For dynamic linking, the crucial parts are:

  1. The PT_INTERP program header entry (and the .interp section it points to) tells the kernel which dynamic linker to execute.
  2. The PT_DYNAMIC program header entry points to the segment containing the .dynamic section.
  3. The .dynamic section contains the array of tags and values that drive the dynamic linker. arwen modifies values associated with specific tags within this section (or the string table .dynstr they point to): * DT_INTERP: (Tag only, value points into .dynstr) Path to the dynamic linker. Modifying the string in .dynstr changes the interpreter. * DT_NEEDED: (Value points into .dynstr) Name of a required library. Modifying the string in .dynstr changes the dependency. arwen can also add/remove entries in the .dynamic array itself. * DT_RPATH / DT_RUNPATH: (Value points into .dynstr) Library search paths. Modifying the string in .dynstr changes these paths. Remember $ORIGIN is expanded by the linker to the directory of the object being processed.

How the Dynamic Linker Uses This Information (A simplified overview)

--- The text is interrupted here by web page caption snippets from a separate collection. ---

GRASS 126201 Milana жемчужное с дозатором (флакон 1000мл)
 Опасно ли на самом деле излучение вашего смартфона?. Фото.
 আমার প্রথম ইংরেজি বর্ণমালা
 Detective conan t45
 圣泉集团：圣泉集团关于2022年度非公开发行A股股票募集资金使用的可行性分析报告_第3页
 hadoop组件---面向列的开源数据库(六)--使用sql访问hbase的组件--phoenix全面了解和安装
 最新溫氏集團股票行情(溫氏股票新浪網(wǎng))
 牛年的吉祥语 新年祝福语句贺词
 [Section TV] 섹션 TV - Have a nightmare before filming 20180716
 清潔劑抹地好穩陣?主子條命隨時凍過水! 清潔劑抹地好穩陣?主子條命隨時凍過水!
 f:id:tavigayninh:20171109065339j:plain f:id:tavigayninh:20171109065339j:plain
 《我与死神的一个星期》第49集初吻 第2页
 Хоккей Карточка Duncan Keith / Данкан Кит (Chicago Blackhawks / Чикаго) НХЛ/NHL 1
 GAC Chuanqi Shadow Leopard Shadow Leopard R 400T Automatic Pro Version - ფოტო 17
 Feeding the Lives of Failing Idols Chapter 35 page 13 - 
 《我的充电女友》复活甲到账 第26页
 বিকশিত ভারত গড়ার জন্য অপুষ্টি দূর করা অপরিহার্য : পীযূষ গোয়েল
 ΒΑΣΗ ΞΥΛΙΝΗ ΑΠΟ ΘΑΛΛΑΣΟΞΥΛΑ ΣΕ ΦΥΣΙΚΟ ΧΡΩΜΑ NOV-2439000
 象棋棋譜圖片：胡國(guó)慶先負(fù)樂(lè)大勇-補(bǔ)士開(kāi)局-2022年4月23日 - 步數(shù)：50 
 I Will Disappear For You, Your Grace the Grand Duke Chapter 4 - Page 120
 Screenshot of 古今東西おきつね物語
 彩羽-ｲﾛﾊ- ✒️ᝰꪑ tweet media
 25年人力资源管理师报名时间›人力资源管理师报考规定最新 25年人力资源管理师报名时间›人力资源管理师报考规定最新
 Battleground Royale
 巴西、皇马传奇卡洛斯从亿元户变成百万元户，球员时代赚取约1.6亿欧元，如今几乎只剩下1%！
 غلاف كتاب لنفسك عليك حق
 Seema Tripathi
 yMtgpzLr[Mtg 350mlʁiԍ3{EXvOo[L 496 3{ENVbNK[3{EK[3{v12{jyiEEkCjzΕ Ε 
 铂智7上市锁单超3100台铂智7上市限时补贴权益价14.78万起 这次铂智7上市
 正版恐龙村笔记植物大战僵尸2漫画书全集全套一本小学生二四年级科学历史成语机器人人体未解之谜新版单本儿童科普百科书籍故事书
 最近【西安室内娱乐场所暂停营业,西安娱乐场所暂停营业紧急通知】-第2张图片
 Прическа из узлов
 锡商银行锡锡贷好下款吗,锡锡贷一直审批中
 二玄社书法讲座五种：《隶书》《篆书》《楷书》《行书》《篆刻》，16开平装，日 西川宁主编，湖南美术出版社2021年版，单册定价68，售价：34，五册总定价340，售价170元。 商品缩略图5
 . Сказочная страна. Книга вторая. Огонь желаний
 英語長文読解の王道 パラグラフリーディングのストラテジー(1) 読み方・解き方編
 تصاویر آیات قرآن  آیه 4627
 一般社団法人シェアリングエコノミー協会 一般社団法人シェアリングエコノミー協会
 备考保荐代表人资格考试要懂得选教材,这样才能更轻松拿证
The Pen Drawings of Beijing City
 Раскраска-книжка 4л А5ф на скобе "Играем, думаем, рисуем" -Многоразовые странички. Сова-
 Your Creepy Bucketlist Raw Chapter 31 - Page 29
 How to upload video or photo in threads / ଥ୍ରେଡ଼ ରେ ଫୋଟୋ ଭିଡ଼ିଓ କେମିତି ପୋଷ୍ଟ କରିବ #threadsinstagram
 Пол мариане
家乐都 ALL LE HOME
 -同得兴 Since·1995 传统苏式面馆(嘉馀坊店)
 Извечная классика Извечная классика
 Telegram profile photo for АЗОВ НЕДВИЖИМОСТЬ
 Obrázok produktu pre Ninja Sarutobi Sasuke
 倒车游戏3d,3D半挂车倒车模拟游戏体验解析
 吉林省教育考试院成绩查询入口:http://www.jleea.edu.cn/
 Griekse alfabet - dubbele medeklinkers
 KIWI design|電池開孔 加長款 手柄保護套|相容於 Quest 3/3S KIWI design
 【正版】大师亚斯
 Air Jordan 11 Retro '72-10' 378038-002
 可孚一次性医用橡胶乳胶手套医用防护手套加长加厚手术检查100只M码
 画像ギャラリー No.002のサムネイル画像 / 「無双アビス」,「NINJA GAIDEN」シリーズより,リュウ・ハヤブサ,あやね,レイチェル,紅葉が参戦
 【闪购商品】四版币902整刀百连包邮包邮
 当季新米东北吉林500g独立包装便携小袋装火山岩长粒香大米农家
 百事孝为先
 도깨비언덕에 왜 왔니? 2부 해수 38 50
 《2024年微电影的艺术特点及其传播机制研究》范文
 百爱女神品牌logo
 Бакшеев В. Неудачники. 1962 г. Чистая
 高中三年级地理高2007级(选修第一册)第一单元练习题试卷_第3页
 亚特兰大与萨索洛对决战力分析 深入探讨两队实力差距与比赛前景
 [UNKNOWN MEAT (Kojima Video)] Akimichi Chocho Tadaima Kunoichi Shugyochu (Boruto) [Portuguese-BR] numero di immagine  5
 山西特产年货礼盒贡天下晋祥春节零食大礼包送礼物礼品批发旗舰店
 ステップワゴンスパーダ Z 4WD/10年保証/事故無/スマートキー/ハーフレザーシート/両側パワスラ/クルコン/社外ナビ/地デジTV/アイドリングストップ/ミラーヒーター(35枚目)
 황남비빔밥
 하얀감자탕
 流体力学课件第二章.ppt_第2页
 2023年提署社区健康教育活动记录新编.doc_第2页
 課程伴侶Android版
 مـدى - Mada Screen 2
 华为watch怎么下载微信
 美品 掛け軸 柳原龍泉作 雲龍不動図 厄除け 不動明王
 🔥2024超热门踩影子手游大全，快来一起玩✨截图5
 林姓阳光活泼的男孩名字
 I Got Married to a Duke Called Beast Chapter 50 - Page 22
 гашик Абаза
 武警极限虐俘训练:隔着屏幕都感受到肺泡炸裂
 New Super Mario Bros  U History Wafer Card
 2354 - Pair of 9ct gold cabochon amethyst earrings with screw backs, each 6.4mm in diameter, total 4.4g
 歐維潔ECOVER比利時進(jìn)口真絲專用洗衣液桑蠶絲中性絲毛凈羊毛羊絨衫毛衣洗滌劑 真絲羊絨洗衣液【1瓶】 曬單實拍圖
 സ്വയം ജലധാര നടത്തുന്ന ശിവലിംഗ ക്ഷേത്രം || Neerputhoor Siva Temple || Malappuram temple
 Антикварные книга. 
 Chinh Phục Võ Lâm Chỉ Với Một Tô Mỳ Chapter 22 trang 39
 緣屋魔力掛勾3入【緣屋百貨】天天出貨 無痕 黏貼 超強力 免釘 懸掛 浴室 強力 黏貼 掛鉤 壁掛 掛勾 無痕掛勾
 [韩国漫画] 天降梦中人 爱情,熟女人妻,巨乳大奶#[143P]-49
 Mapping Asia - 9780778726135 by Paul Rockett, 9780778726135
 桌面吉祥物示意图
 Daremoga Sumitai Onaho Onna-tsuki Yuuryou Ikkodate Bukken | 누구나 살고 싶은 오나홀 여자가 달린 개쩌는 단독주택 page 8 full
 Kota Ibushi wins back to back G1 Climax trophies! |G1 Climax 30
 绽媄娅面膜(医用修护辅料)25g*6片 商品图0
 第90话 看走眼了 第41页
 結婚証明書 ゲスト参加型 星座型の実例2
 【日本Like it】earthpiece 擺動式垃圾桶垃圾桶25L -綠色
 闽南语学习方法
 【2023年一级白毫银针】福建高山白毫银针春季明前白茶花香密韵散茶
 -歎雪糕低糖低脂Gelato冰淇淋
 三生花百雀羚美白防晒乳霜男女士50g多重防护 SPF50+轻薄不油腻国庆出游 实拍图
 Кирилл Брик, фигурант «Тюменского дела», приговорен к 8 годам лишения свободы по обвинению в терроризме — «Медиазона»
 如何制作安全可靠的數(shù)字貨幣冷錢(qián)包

The dynamic linker (ld-linux.so.2 or similar), specified by PT_INTERP / DT_INTERP, reads the .dynamic section (found via PT_DYNAMIC). It processes DT_NEEDED entries to find required libraries, searching in paths derived from DT_RUNPATH, LD_LIBRARY_PATH, DT_RPATH, and system defaults, then loads them into memory (using their own ELF structures) and resolves symbols.